Exceeded GPU quota

I need to ask my users to signin with “their” hf account in the application?

Yes. That method is probably the basis for HF’s assumptions. I don’t know if it is possible to dare to sign in with your Pro account and increase the Quota for all users, but that might be a way to do it. Anyway, everything about the Pro account is vague. This is not only my lack of understanding, but the explanation does not exist anyway.

Also how would the pro plan be of any use if hf can’t even detect my activity?

From the standpoint of simply using Spaces, it is of little use. I heard somewhere that Quota is 5 times higher when you are signed in with Pro, but the overwhelming majority of spaces do not have a sign in button itself…

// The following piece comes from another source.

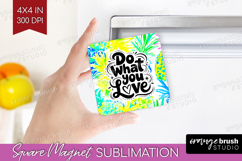 Inspirational Quote Magnet Sublimation - Summer Fruit Square Product Image 1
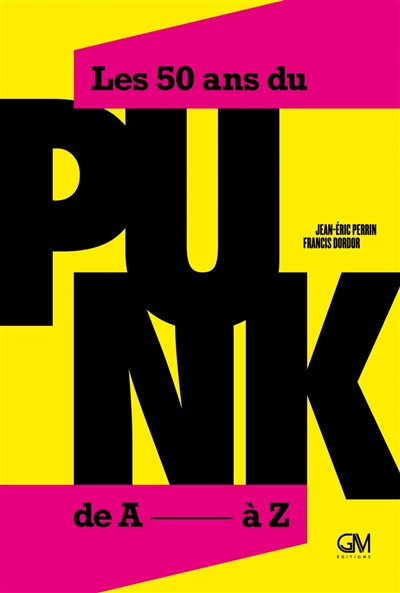 50 ans de punk, de A à Z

If you are in the position of creating Spaces, the biggest advantage is that you can use up to 10 Zero GPU spaces at the same time. If this can be ingeniously modified and successfully used via other cloud services, it can be made much cheaper financially.

In the Serverless Inference API, Pro tokens increase the number of models that can be used in addition to the number of requests that can be made. (Llama3 70B, etc.)
However, the specific number of requests has been ambiguous for a long time now.

The same is true for the $20 Enterprise plan, but the benefits of the flat-rate plan are just plain vague. It is unclear whether it is necessary to be vague, or whether they simply don’t realize they are not explaining it well enough.:sweat: